→ MATERIALS PROVIDED

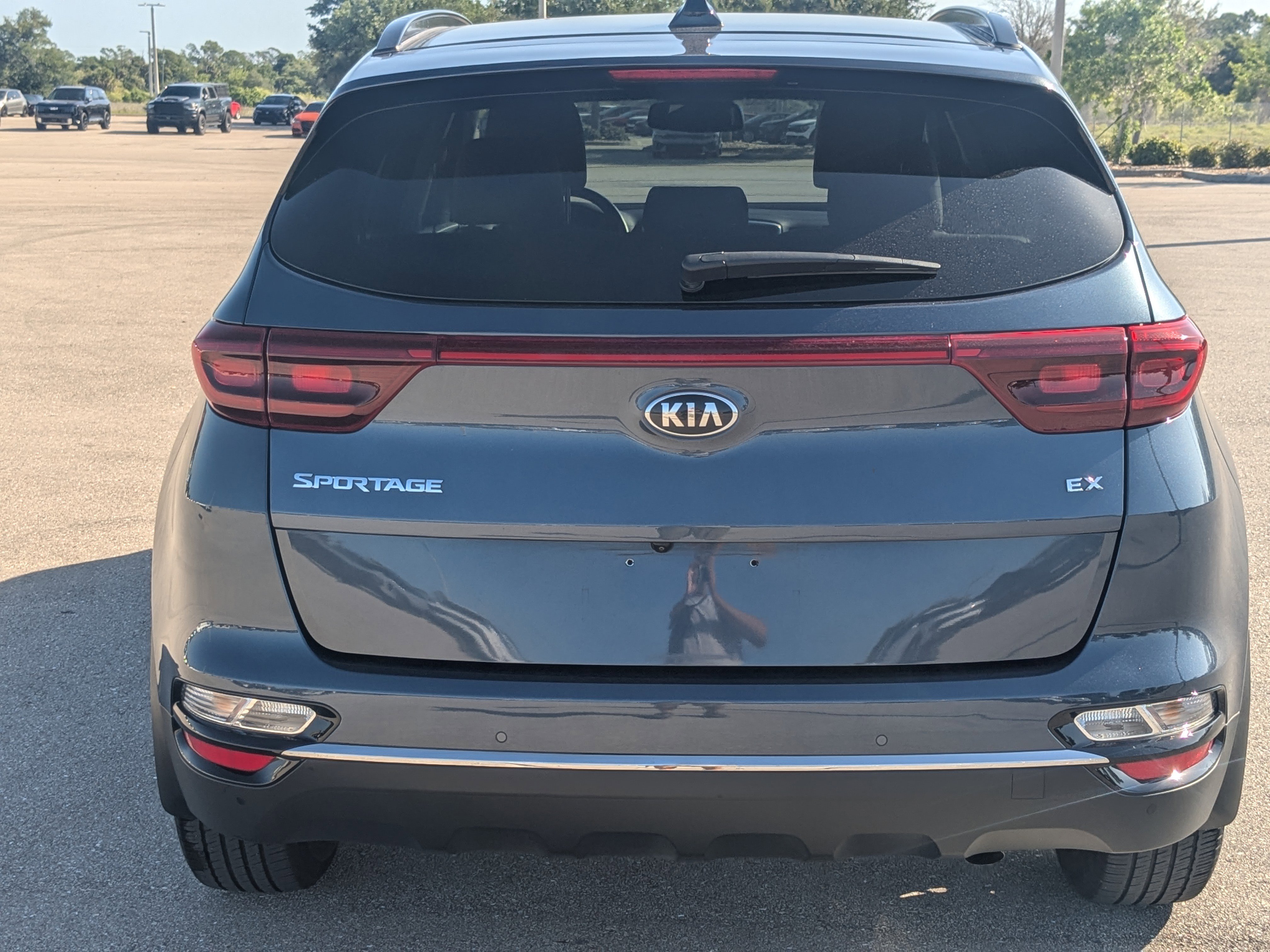 Certified 2020 Kia Sportage EX w/ EX Technology Package FWD image 6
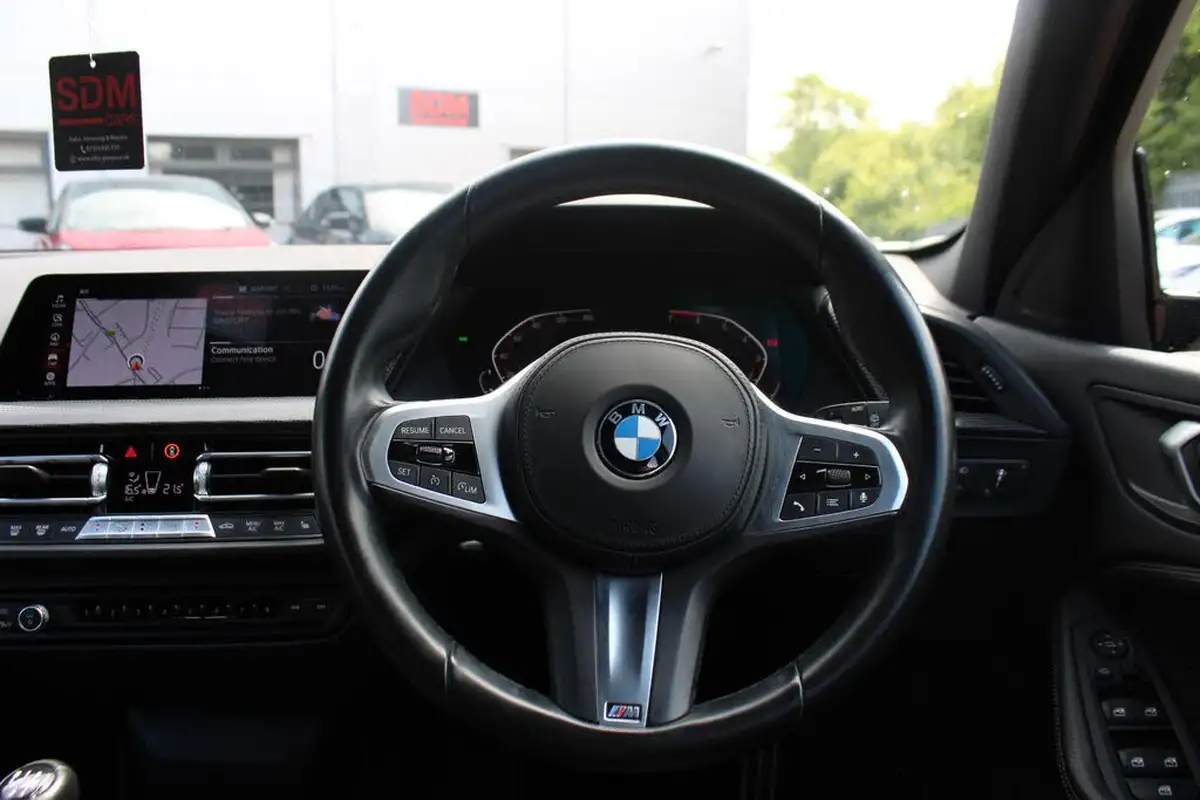 2021-bmw-1-series-15-118i-m-sport-lcp-big-20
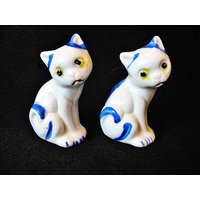 Vintage Blaue Und Weiße Traurige Katzen/Kätzchen Salz - Pfefferstreuer Set Made in Japan Circa 1950Er Jahre Vintage Blaue Und Weiße Traurige Katzen/Kätzchen Salz - Pfefferstreuer Set Made in Japan Circa 1950Er Jahre von Heydeyjavoo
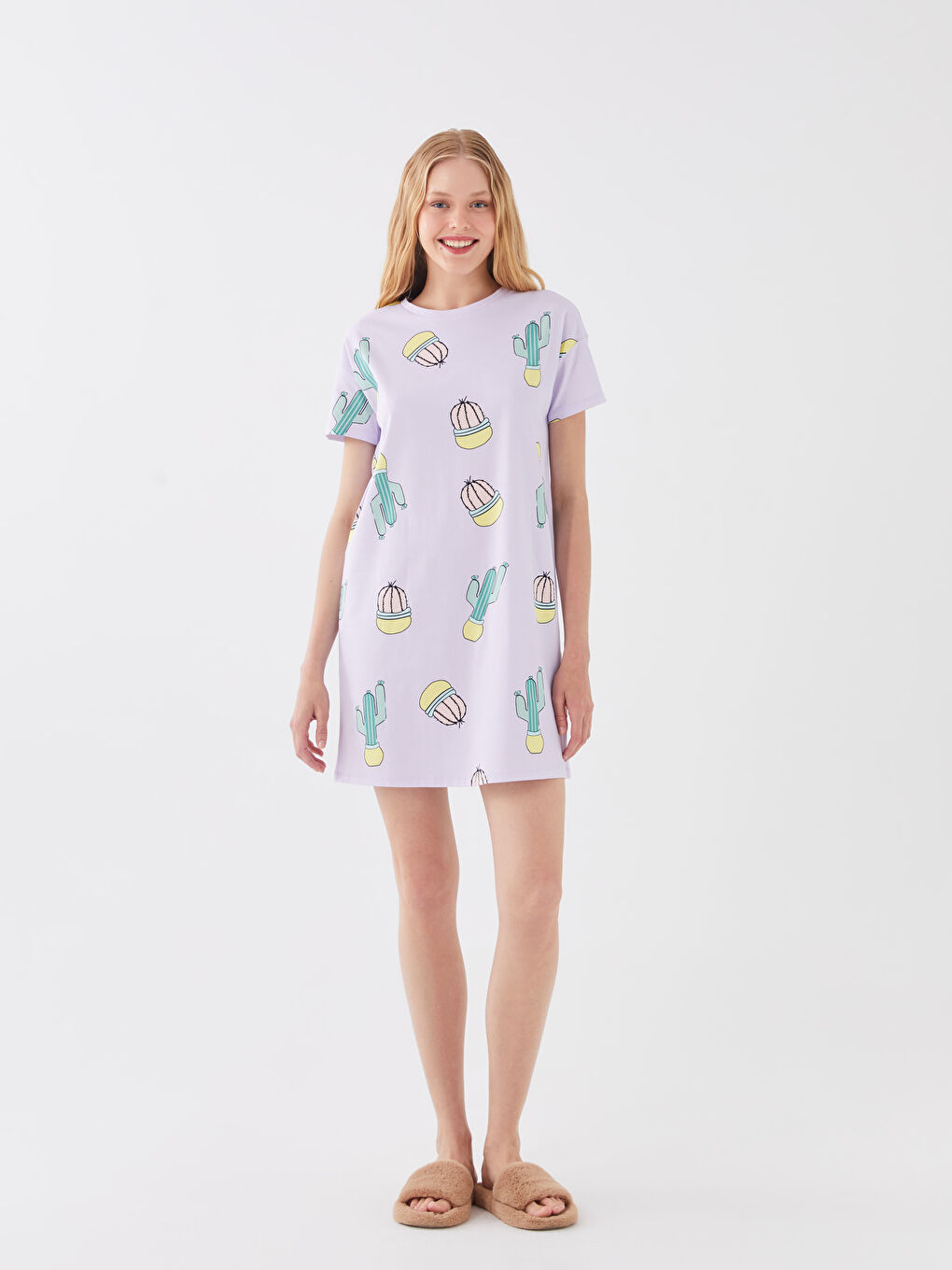 Lila Bisiklet Yaka Desenli Kısa Kollu Kadın Gecelik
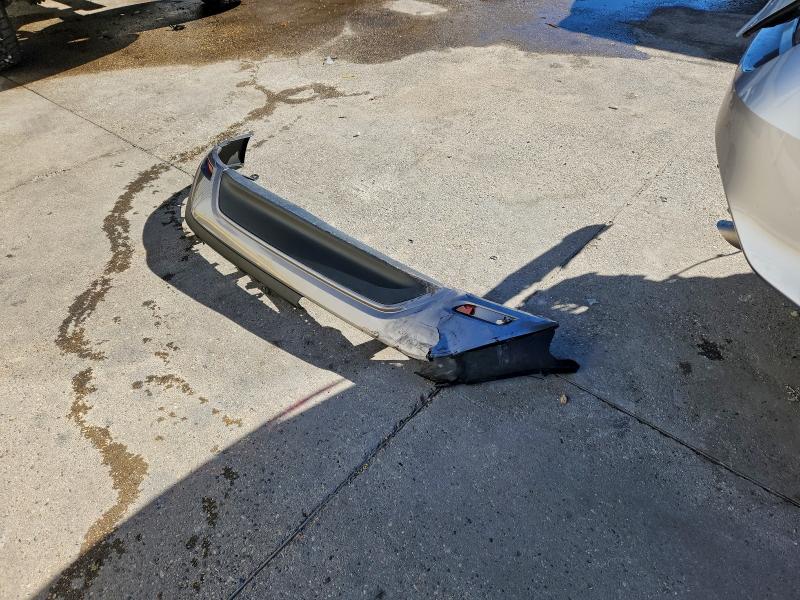 Фото 13 - LEXUS RX350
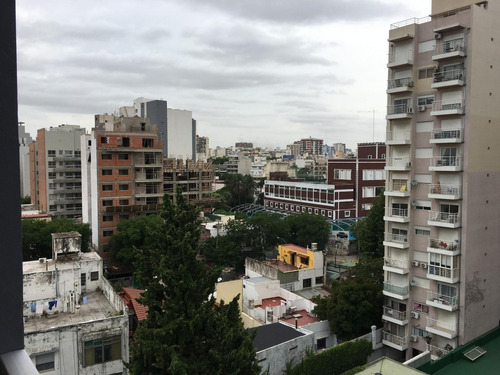 Imagen 22 de 30 de Hermoso Dpto 2 Ambientes Contrafrente Con Balcon Y Parrilla.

→ TASK DIRECTIONS
From the line with "Jahre von Heydeyjavoo" down to the last line of the records above, restate each line verbatim, passing over any picture.

→ ANSWER TO THE EXERCISE
 Vintage Blaue Und Weiße Traurige Katzen/Kätzchen Salz - Pfefferstreuer Set Made in Japan Circa 1950Er Jahre Vintage Blaue Und Weiße Traurige Katzen/Kätzchen Salz - Pfefferstreuer Set Made in Japan Circa 1950Er Jahre von Heydeyjavoo
 Lila Bisiklet Yaka Desenli Kısa Kollu Kadın Gecelik
 Фото 13 - LEXUS RX350
 Imagen 22 de 30 de Hermoso Dpto 2 Ambientes Contrafrente Con Balcon Y Parrilla.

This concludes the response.